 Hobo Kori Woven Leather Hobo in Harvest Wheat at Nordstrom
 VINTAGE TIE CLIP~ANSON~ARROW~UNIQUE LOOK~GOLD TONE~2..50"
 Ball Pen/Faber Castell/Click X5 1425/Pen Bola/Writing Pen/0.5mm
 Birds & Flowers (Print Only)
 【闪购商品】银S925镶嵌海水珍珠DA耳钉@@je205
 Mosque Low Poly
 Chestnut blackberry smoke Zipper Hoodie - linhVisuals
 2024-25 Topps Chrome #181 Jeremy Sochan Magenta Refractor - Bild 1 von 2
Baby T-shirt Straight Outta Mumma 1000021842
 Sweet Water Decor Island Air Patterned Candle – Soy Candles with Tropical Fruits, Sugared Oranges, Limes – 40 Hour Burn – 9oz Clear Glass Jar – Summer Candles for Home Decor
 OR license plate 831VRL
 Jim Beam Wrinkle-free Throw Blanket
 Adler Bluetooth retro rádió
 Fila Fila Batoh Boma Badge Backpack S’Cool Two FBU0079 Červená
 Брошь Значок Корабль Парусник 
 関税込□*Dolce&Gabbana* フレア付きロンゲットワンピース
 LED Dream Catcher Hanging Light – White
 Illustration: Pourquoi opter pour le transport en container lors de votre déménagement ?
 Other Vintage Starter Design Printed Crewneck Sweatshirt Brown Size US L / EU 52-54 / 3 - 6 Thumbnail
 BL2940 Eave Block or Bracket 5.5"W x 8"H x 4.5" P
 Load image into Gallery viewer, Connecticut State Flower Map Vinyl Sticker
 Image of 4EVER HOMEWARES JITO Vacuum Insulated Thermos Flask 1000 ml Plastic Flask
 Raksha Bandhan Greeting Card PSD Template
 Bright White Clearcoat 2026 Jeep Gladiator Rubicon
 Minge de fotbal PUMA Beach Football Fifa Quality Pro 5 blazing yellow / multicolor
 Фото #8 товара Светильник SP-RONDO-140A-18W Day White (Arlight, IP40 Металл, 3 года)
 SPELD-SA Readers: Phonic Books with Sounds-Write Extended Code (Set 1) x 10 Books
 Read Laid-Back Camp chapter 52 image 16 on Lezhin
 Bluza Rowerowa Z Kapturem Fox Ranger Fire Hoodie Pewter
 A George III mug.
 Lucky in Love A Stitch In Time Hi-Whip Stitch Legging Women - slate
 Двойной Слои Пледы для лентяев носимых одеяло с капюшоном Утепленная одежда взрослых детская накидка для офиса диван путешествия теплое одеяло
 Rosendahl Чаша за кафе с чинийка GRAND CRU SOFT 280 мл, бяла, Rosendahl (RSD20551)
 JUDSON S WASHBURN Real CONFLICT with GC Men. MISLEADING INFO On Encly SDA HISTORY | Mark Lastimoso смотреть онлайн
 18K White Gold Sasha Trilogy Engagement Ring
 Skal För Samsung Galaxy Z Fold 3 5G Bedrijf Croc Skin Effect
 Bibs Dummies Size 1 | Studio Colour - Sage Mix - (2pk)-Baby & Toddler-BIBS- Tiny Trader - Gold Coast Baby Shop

■ REQUIRED ACTION ■
Each line of the entries holding the string "with" should be found and copied.

■ ANSWER BOX ■
 Sweet Water Decor Island Air Patterned Candle – Soy Candles with Tropical Fruits, Sugared Oranges, Limes – 40 Hour Burn – 9oz Clear Glass Jar – Summer Candles for Home Decor
 SPELD-SA Readers: Phonic Books with Sounds-Write Extended Code (Set 1) x 10 Books
 JUDSON S WASHBURN Real CONFLICT with GC Men. MISLEADING INFO On Encly SDA HISTORY | Mark Lastimoso смотреть онлайн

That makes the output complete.